Zemsta na Chrisem przesłania mi jasne widzenie na świat. Nie wybacze tego i za wszelką cenę odwdziecze się za to co mi zrobił, co mógł zrobić Stefanowi i co przechodzi Savanna. Tamtego dnia szukałem Stefana, dowiedziałem się że pije w pewnym pabie. Zszokowalo mnie to że jest tam z Chrisem po tym wszystkim co się stało z Elen, gdy dotarłem na miejsce ich już tam nie było. Miejsce było paskudne, obskorne. Właśnie miałem dzwonić do Sav że nie mam już pojęcia gdzie mogą się podziewac gdy usłyszałem krzyki. Jeden z kolesi miał pistolet i wydawał mi się bardzo znajomy. Wszyscy Co faceci byli mi dobrze znani, nigdy nie przyznalem się Savanie że miałem problem z narkotykami a mianowicie z handlu nimi. Wyplatalem się z tego tuż po śmierci bliskiego mi kolegi a jedyną osobą która nie odwróciłam się odemnie i nadal zadowala się z tymi szemranymi ludźmi był Braian. Momentalnie spostrzegli kim jestem i oderwalem kulkę tuż pod serce.

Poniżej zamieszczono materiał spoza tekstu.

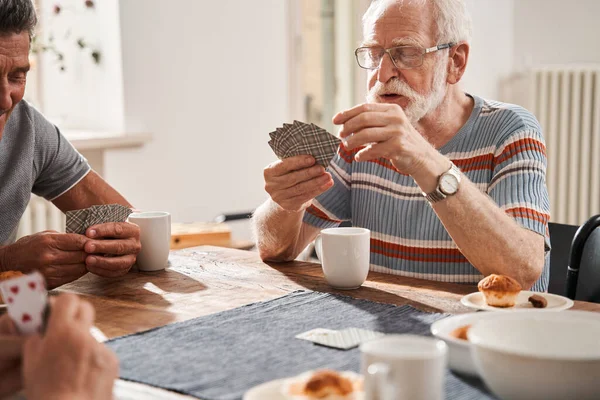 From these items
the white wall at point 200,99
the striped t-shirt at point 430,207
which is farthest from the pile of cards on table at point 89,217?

- Jeszcze pocierpisz Din -zagroził jeden z nich

Sprawiedliwości będzie za dość jeśli to teraz oni pocierpia. Chrisa nigdzie już nie było, ostatnie co pamiętam to krzyki Stefana. Nie daruje sku*wysynom. Zemsta dosiegnie też Chrisa. Przed opuszczeniem szpitala skontaktowałem się z Brianem, który będzie informował mnie ma gorąco co dzieje w biznesie. Oczywiście Savanna nie może i nie dowie się o niczym, będzie lepiej gdy nic nie będzie wiedziała. Im mniej wiesz tym lepiej spisz.

Wszystko by nasze życiorysy już pisały się spokojnie.